Loralee and Charles Vasquez brought this action under 42 U.S.C. §§ 1983,1985, against several members of the Cicero Police Department and one member of the Cicero Fire Department. The district court dismissed the section 1985 claim on the pleadings and then granted the defendants’ motion for summary judgment on the section 1983 claim. At the heart of the district court’s summary judgment decision was its finding that the Vasquezes suffered no constitutional injury. The Vasquezes challenge that finding and appeal the court’s decision.
January 27, 1991, known unofficially as Super Bowl Sunday, was a bad day for Lora-lee Vasquez. While in her home in Cicero, Illinois, she was struck in the ear by a stray bullet. Officer William Pfieffer of the Cicero Police Department was the first police officer to respond to the Vasquezes’ call for help. Upon arriving at the Vasqtiez residence, he inspected the room where the shooting occurred and retrieved a bullet slug from under *327a table. Pfieffer then called his fellow officers for backup.
Among the next wave of officers to arrive at the scene was Sergeant Erjavec. He and Pfieffer proceeded to examine the exterior of the Vasquez home around the window through which the bullet had entered. They discovered one bullet hole in the side of the Vasquezes’ garage and two more in the garage door. At that time, Pfieffer was approached by Charles Hernandez, an off-duty Cicero police officer and a neighbor of the Vasquezes. When told about the shooting, Hernandez suggested that the bullets may have been intended for him because he had been having trouble with some gang members.
After completing his search of the premises, which revealed a second gun shell in the Vasquezes’ garage, Pfieffer talked to some of the neighbors. Those who were at home admitted to hearing the shots but had seen nothing that might lead police to the identity of the shooter. Pfieffer concluded that the explanation proffered by Sergeant Hernandez was the most likely. Pfieffer returned to the police station where he met with Detectives Howard Hatton and Anthony Iniquez. After briefing the detectives on the shooting, Pfieffer turned over the bullets to them.

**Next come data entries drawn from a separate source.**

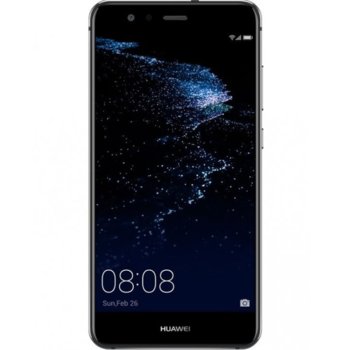 Huawei P10 Plus 6901443168903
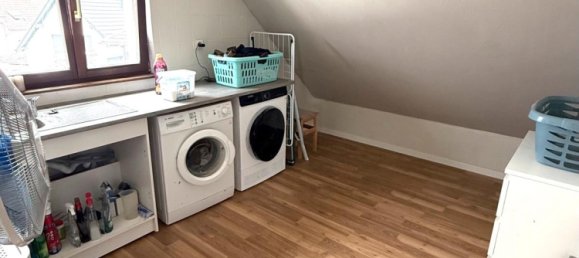 4 bedrooms Townhouse in Rastatt, Germany No. 235757 14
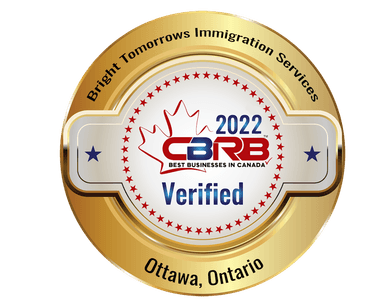 Canadian Business Review Board - Best Businesses in Canada 2022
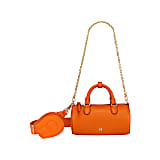 element orange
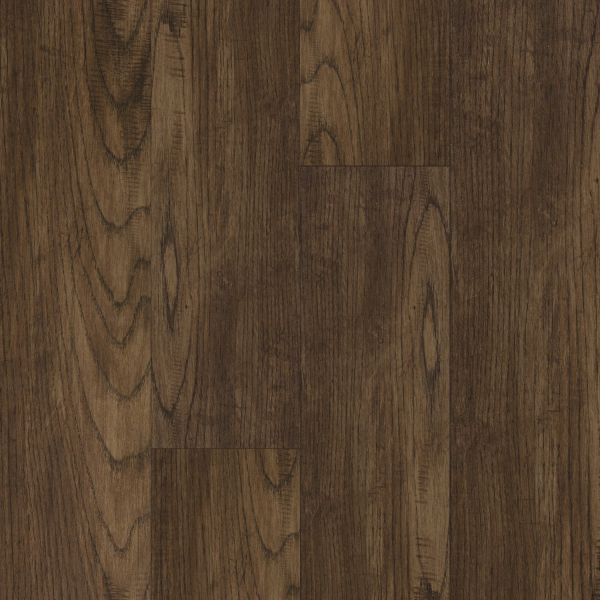 Dark Oak Golden Select, Golden Select Laminate Flooring Black Oak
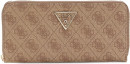 Guess Laurel SLG Large novčanik
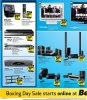 bestbuy_boxingday_on_p04_02.jpg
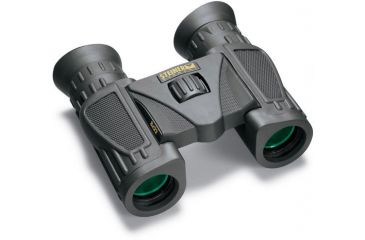Image of Steiner Predator Pro 8x22 Pocket Binoculars 234 - Waterproof Compact Binoculars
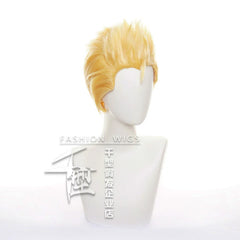 img_2645772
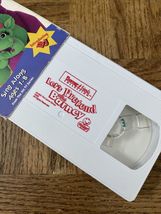 Item image 4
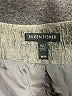 Eileen Fisher Gray Blazer Size M - photo 6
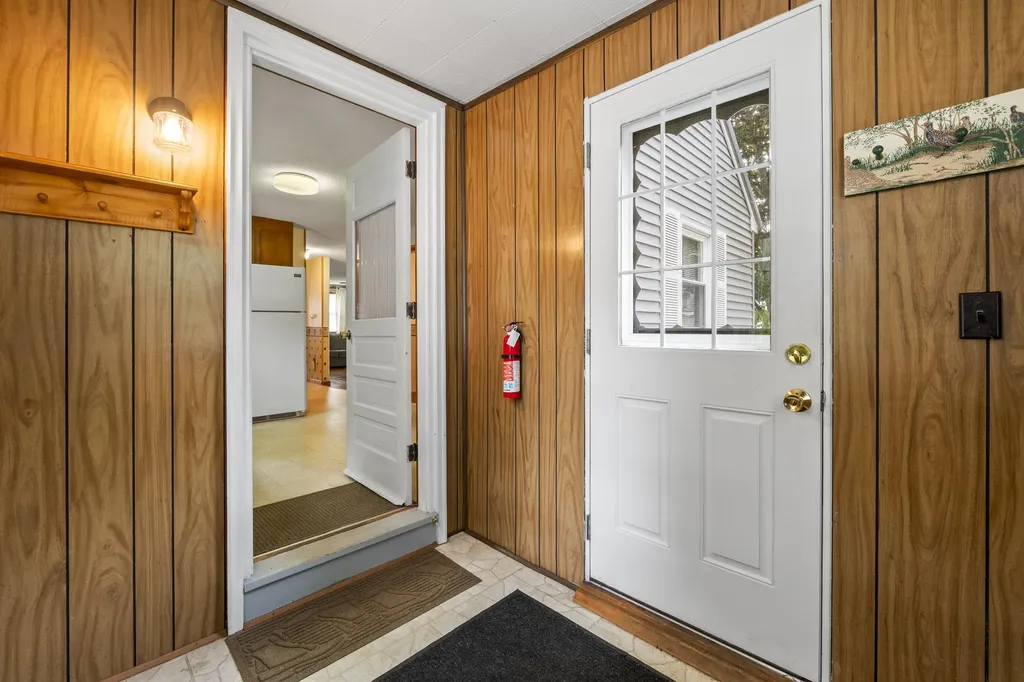 251 E Bridge Street Westbrook ME 04092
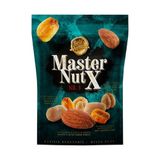 Master Nut X Nr 3 160 gr Karışık Kuruyemiş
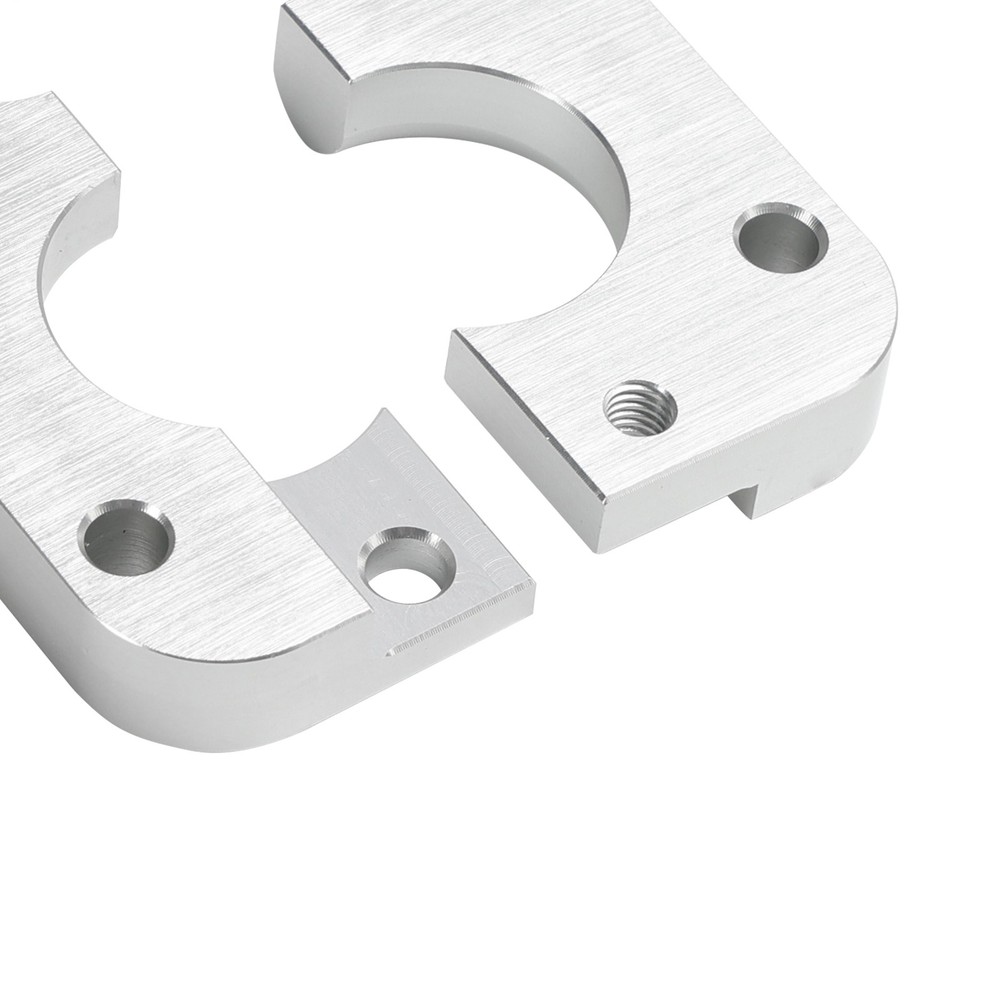 Firewall Pass Through 01232023 Terminator For Holley Grommet Replacement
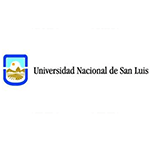 Licenciado en Química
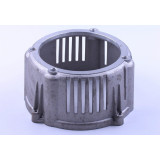 Кришка блоку (під генератор) 178F - GN 2-3,5 KW YBX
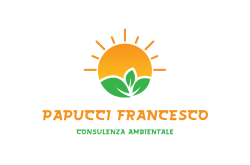 PAPUCCI FRANCESCO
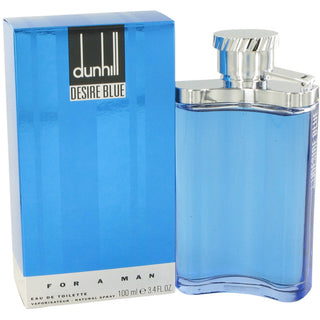 Alfred Dunhill_402724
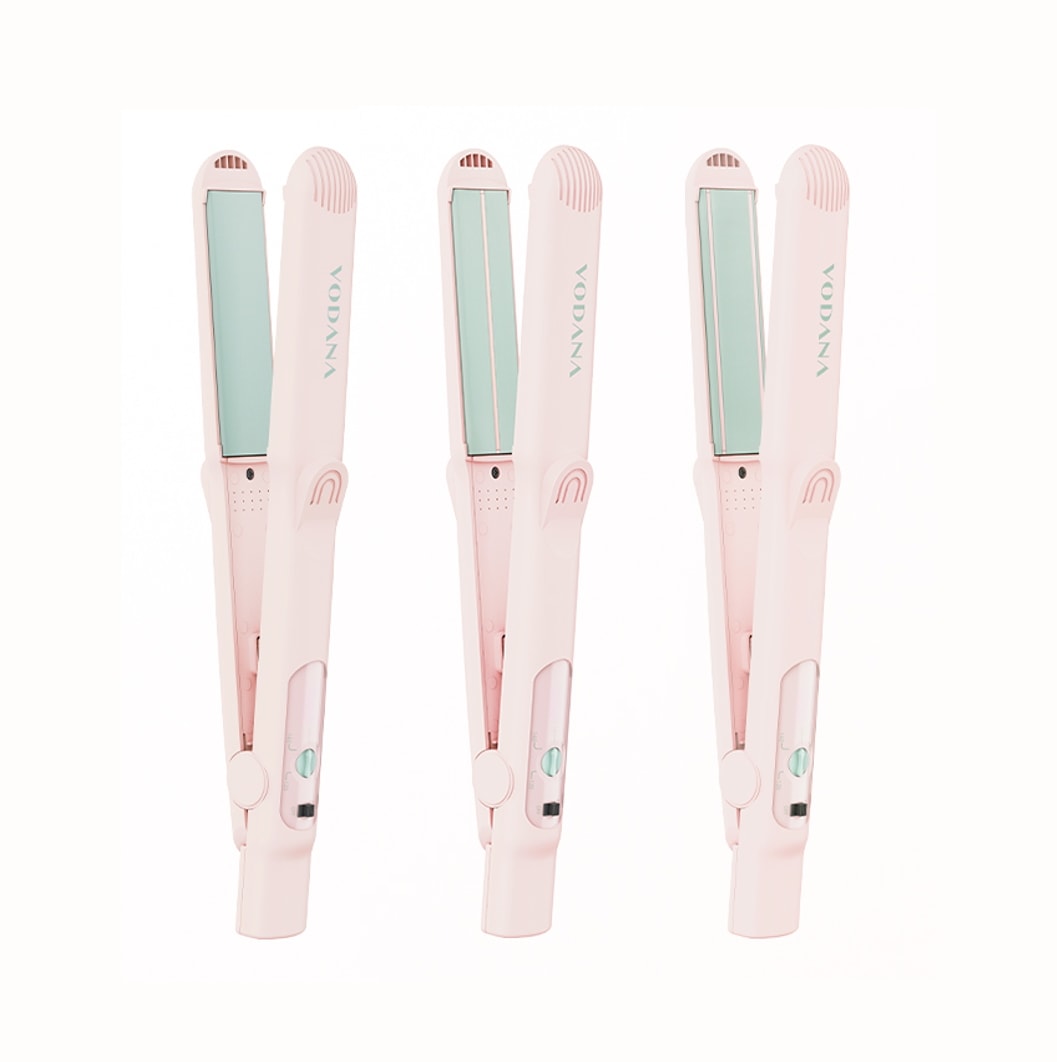 ソフトバー キッチュピンクエディション(プレーン / ソフトバーツイン / ソフトバー)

Later that evening, Hatton and Iniquez followed up on Pfieffer’s preliminary investigation. They interviewed the Vasquezes and inspected the vicinity of the shooting. Then they proceeded to Hernandez’s house where they asked him questions about the shooting. Iniquez believed Hernandez to be inebriated. Upon returning from their inquiry, Hatton and Iniquez completed their reports on the shooting. They placed the two shells in an evidence envelope and stored the envelope in Iniquez’s desk drawer. Though the case remained officially “open,” there was little activity or investigation of the matter by the Cicero police for over four months.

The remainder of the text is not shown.